Además de la literaria, conservo la memoria de dos largas sobremesas en las que pude asomarme -tan solo esto, que es mucho- al mundo íntimo de dos seres humanos absolutamente singulares. Con Carlos Fuentes compartí cena en Las Palmas, después de la conferencia en el teatro Guiniguada que habían conseguido Juan Manuel García Ramos y Pepe Otero, factores de espléndidos ciclos con creadores y pensadores de primera magnitud. El novelista mexicano nos hizo obsequio de su cortesía impecable, abierto al quizás enojoso chorro de cuestiones propuestas sin orden ni sistema por un puñado de lectores entusiastas. La coherencia de su discurso oral impresionaba tanto como el escrito. Más allá de literalidad de sus juicios y opiniones, era perceptible la riqueza polisémica de un lenguaje a veces relativista, otras metafórico, que seduce como segunda atmósfera de su escritura. Entre la realidad verificante y la realidad imaginada, circulaba en las galerías profundas de su lenguaje sosegado el flujo de espiritualidad de un humanista genuino. Y también la elegancia de un intelectual que sabía defenderse de nuestra tendencia al radicalismo de la laudatio y la denostatio yuxtapuestas sin matices.

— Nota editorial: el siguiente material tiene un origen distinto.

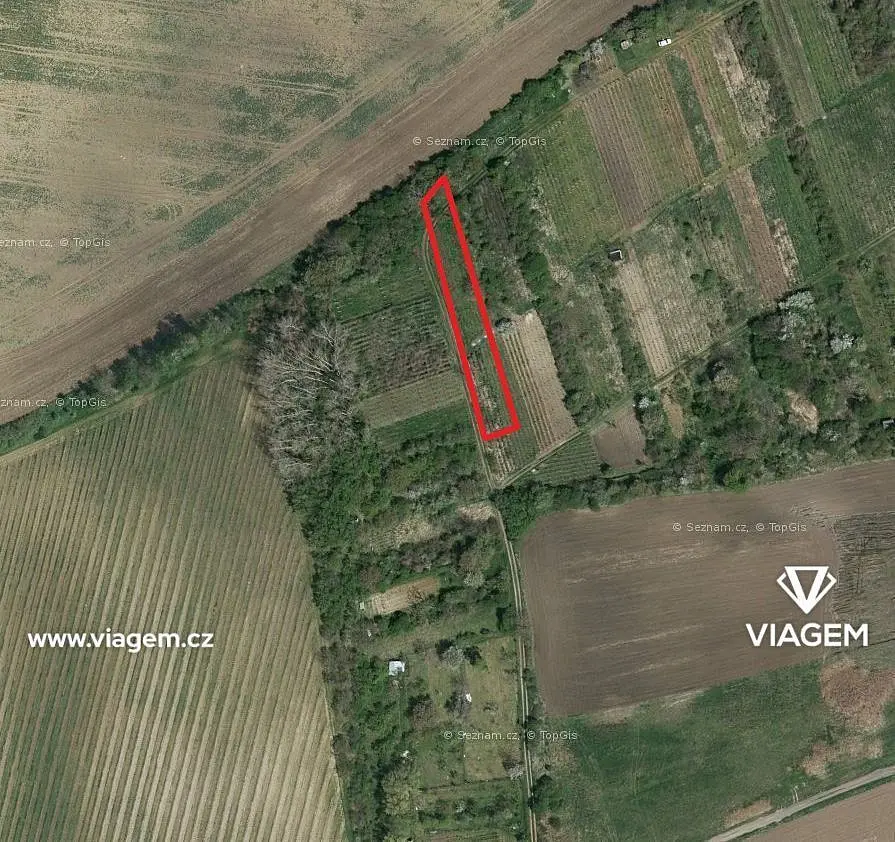 Prodej pozemku 1677 m², Vracov · okres Hodonín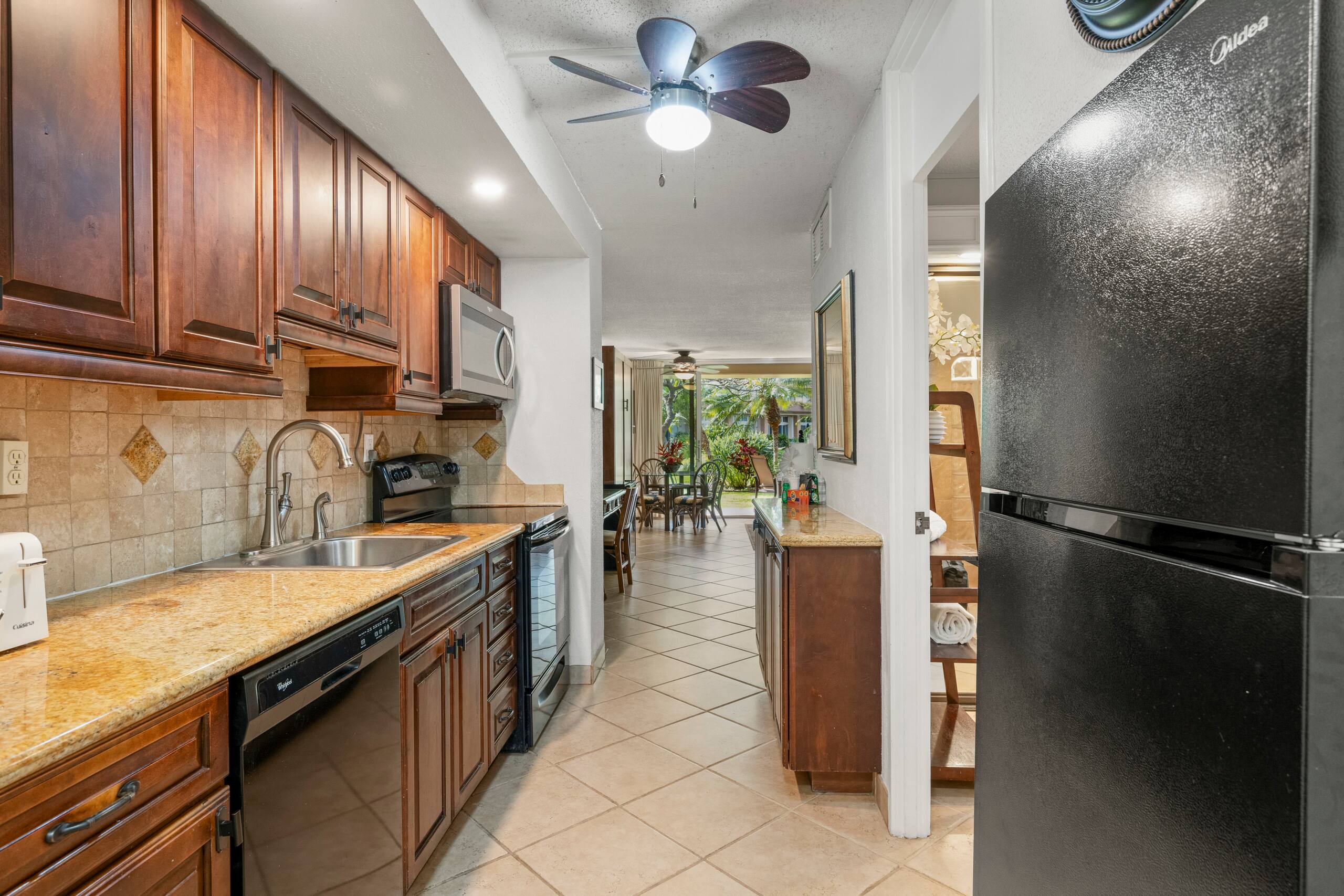 Condo in Lahaina · ★4.8 · Studio · 2 beds · 1 shared bath - Image 7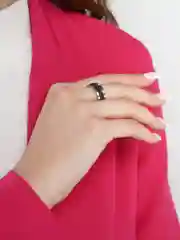 Черный кольца стальные,с вращающейся цепочкой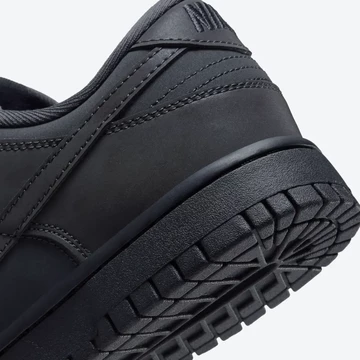 Dunk Low Cyber Reflective Detail Ferse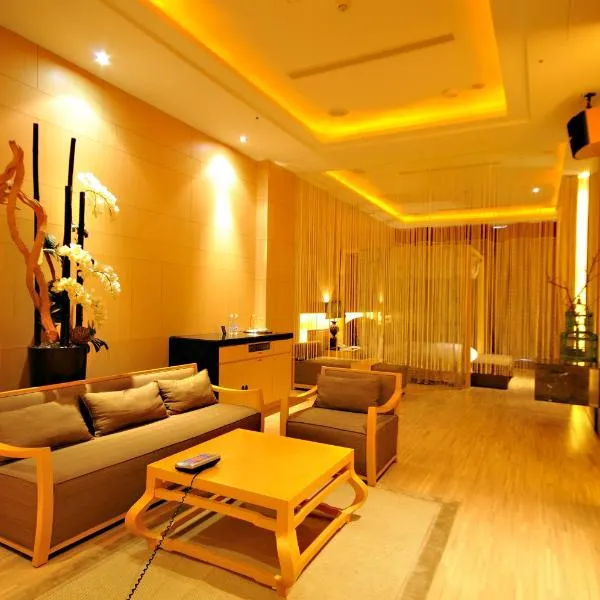 Dubai Motel, hotel in Yilan City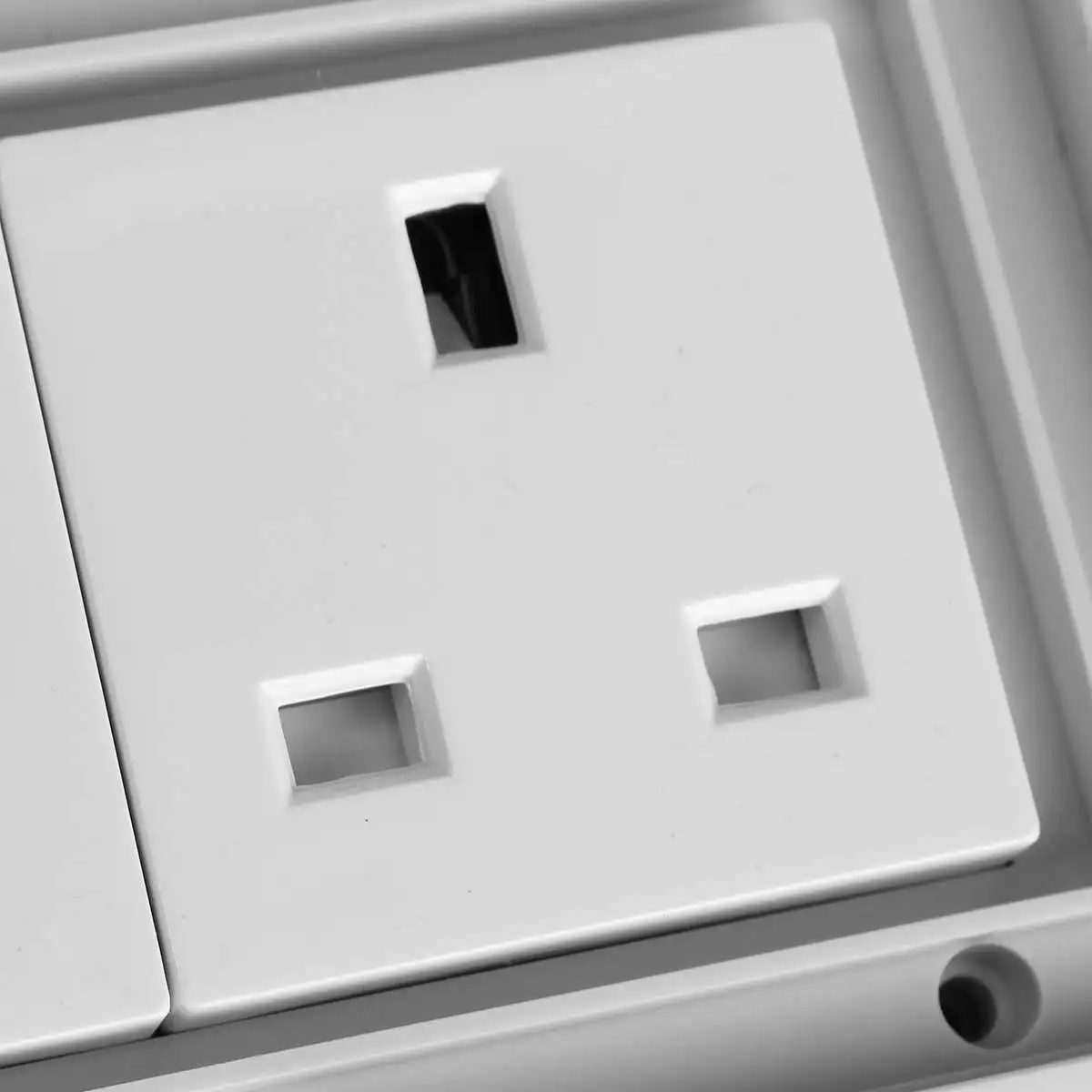 Стандарт Великобритании 250 В 13 а водонепроницаемая IP55 электрическая 2 битная
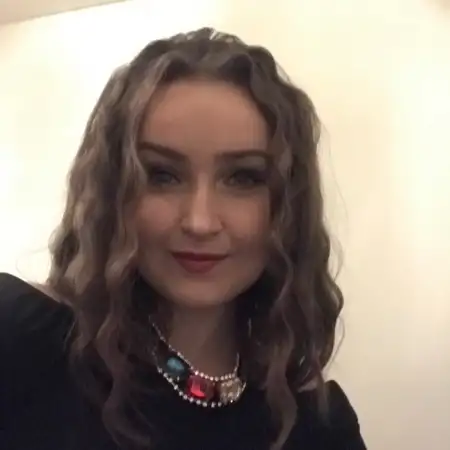 Talia, 36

Con Mario Vargas compartí en Oviedo un almuerzo entre jurados de los premios Príncipe de Asturias. La agudeza de este fundamental testigo de nuestro tiempo, lúcido analista y comprometido partícipe, preciso en el concepto, brillante en la expresión y caudaloso en la bien medida espontaneidad, deslumbraba por la potencia del concepto cultural o divertía con el don del humor, omnipresente en su literatura y su periodismo como recurso distanciador o invitación al debate. La palabra proteica descubría sin exceso las facetas de la talla que convierte la plenitud de lo vivido en conocimiento y experiencia estéticos. En todos despertaba el afán conversatorio y la sensación de estar viviendo un momento único.

Vuelvo ahora a sus libros por vez enésima. Además de saberlos inmortales, me pregunto en qué estadio hubiera quedado la evolución creadora de nuestra lengua sin el tesoro de sus aportaciones. Y dirijo desde mis adentros un fervoroso "hasta siempre" a Carlos Fuentes y una feliz bienvenida a Vargas Llosa, dos gigantes con los que tuve el privilegio de conversar.